§ What to produce:
Reproduce, exactly and in full, only the lines below from the one containing "Pair of 204L sneakers with a lily" through the one containing "1507 Stonewall Road".

§ Information:
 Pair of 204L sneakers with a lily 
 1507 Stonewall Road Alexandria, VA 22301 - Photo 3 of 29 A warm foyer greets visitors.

---

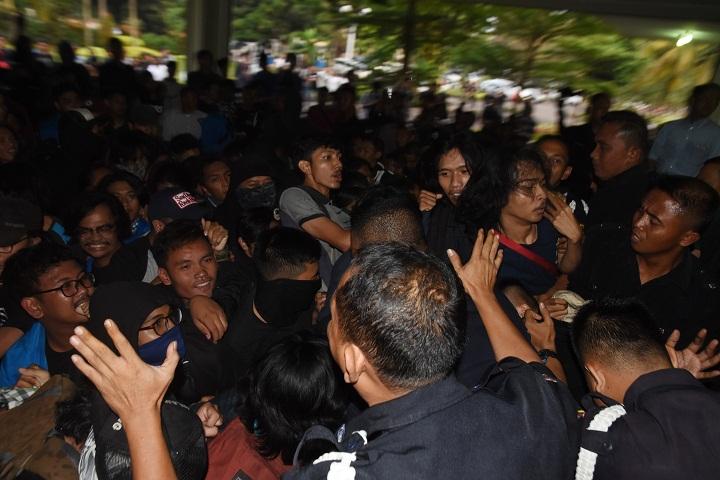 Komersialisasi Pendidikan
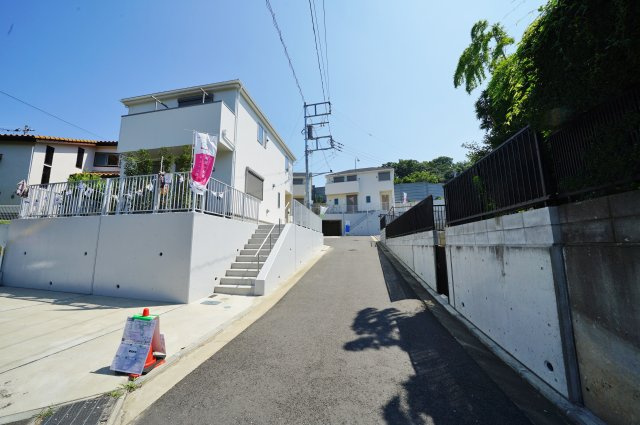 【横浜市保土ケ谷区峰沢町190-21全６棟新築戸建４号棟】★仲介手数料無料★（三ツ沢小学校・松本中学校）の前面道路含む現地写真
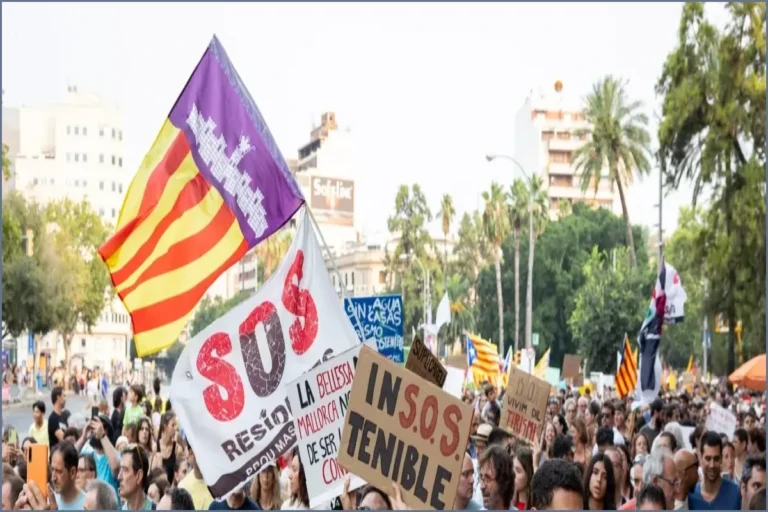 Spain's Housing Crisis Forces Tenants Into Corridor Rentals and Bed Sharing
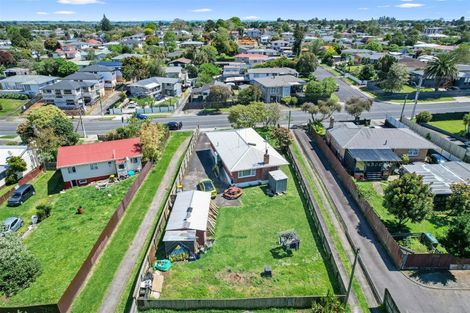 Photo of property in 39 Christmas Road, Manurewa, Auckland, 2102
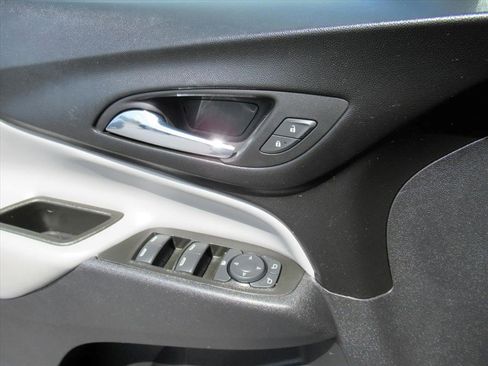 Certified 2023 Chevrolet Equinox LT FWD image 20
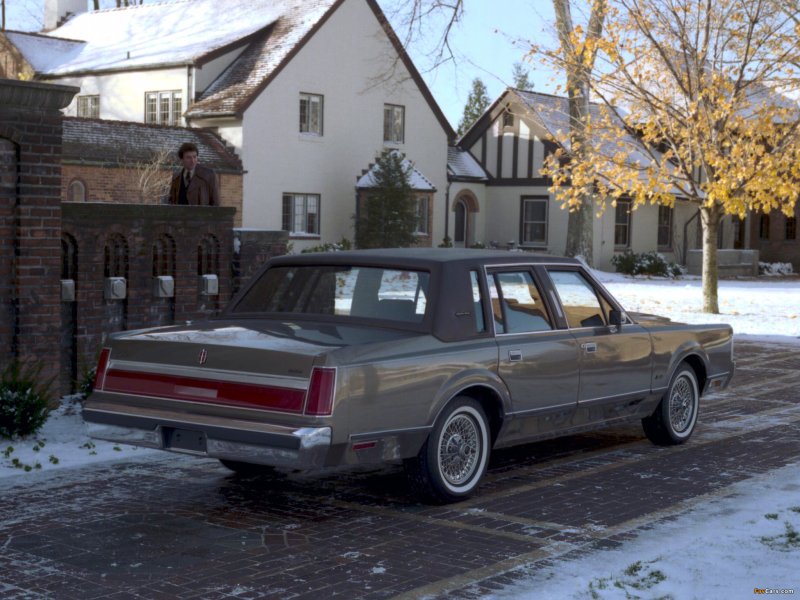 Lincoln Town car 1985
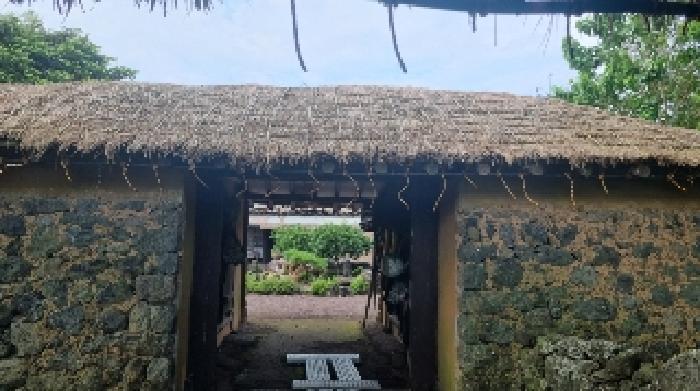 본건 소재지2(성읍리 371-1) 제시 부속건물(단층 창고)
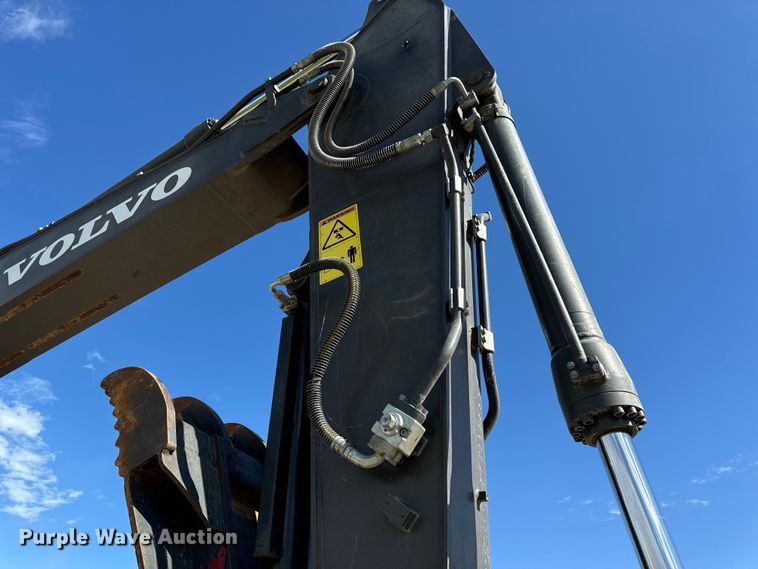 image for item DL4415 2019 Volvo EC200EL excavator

* * *

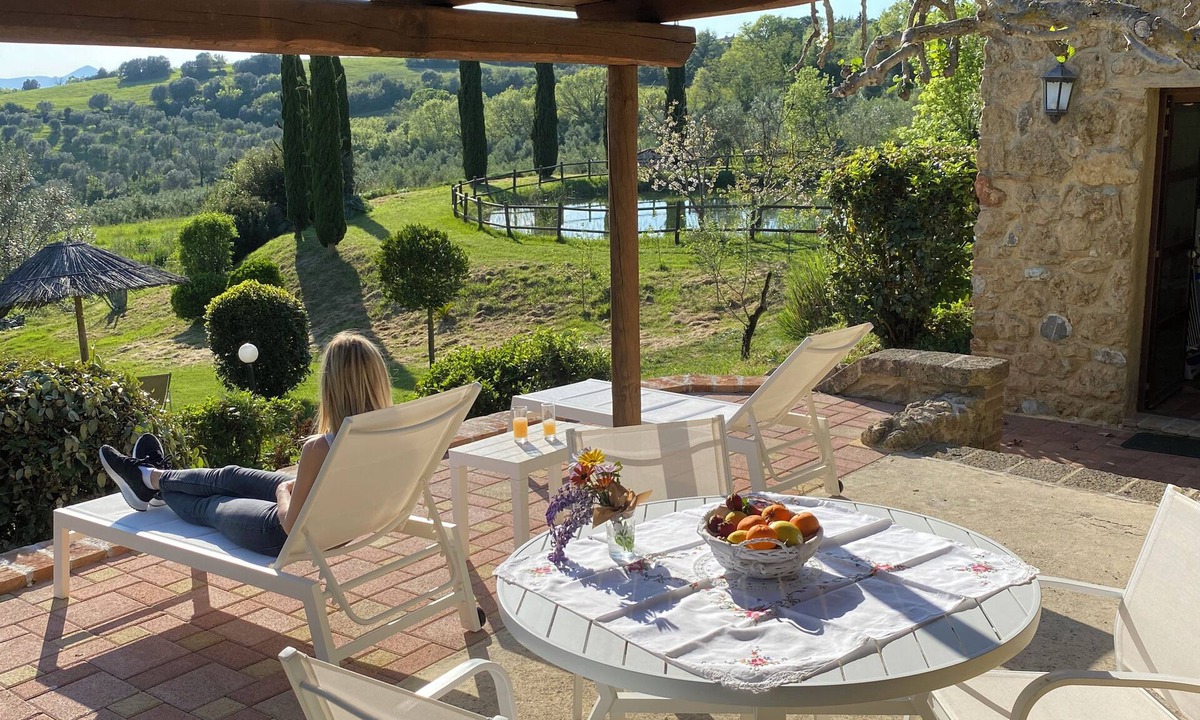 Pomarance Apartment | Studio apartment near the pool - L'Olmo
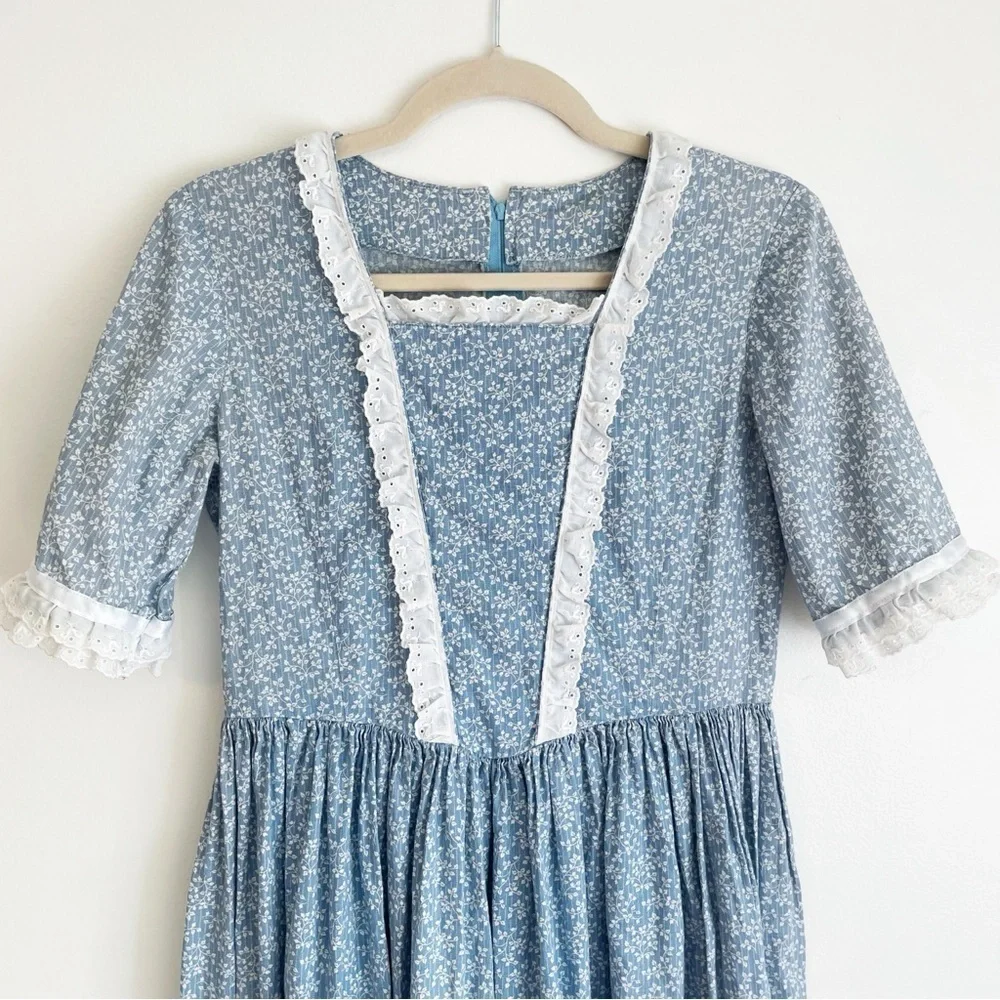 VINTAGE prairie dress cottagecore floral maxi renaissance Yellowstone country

§ Answer for this exercise:
 Pair of 204L sneakers with a lily 
 1507 Stonewall Road Alexandria, VA 22301 - Photo 3 of 29 A warm foyer greets visitors.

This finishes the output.